Qualcuno parla di Happy End come di un seguito di Amour, anche per la presenza del grande Jean-Louis Trintignant. “Non sono così autoreferenziale – ribatte il 75enne Haneke – però Amour è un film fortemente legato alla mia vita privata e l’esperienza che me l’ha ispirato mi segna ancora, quindi l’ho voluta citare di nuovo”.
A proposito dei social media e della società digitale, uno dei bersagli dell’aspra critica alla disumanità contemporanea, spiega: “I social media fanno parte del mondo che è cambiato così tanto negli ultimi vent’anni, come mai prima nella storia dell’umanità, ma non credo che questo film sia diverso dagli altri miei lavori, a questo proposito, parlo sempre del comportamento umano e della comunicazione e spero che i social media non siano la cosa che si nota di più”. Quindi accetta di approfondire il concetto: “Siamo inondati di informazioni che però ci rendono sempre più sordi e ciechi. Abbiamo l’illusione di essere informati, ma non sappiamo niente. Un tempo un contadino conosceva il suo villaggio e questo gli bastava, oggi, lo stesso contadino ha la parabola e il computer e pensa di essere connesso al mondo, ma tutte quelle informazioni lo toccano solo in superficie, non sono la realtà, sono solo un’illusione”.

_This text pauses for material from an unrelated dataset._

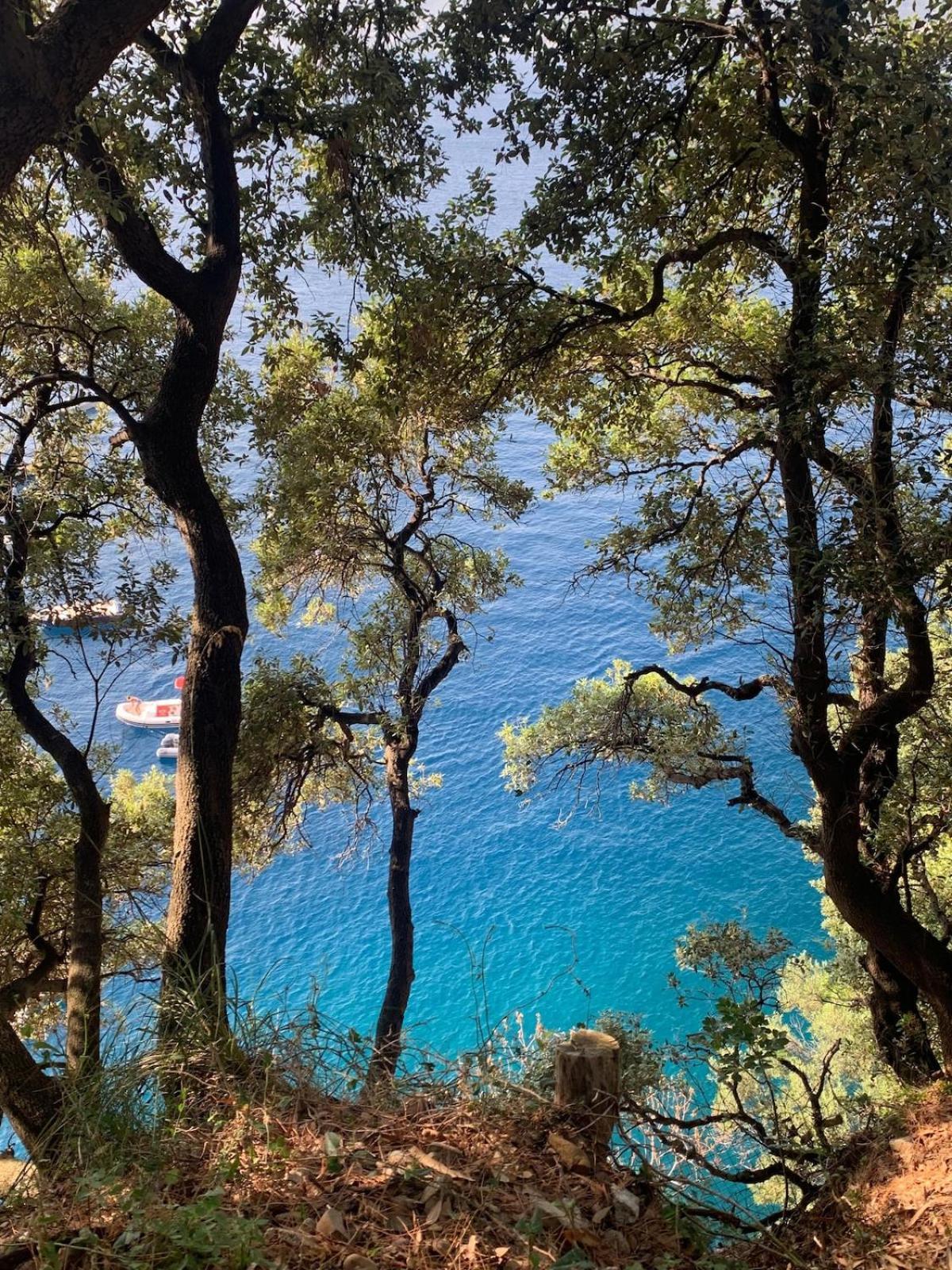 Sea View Apartment With Private Garden Camogli Dış mekan fotoğraf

Isabelle Huppert, che grazie a La pianista ha avuto qui a Cannes il premio per l’interpretazione femminile, parla del loro rapporto speciale: “Mi chiese di fare Funny Games, ma non potevo, poi è arrivato La pianista e da allora abbiamo continuato a lavorare insieme. Il suo cinema è molto vario, ci sono film intimi, film più politici come questo, altri di taglio storico come Il nastro bianco. Nel suo modo di lavorare c’è una grande precisione a partire dalla sceneggiatura e questo, al contrario di quello che si pensa, rende più liberi gli attori”.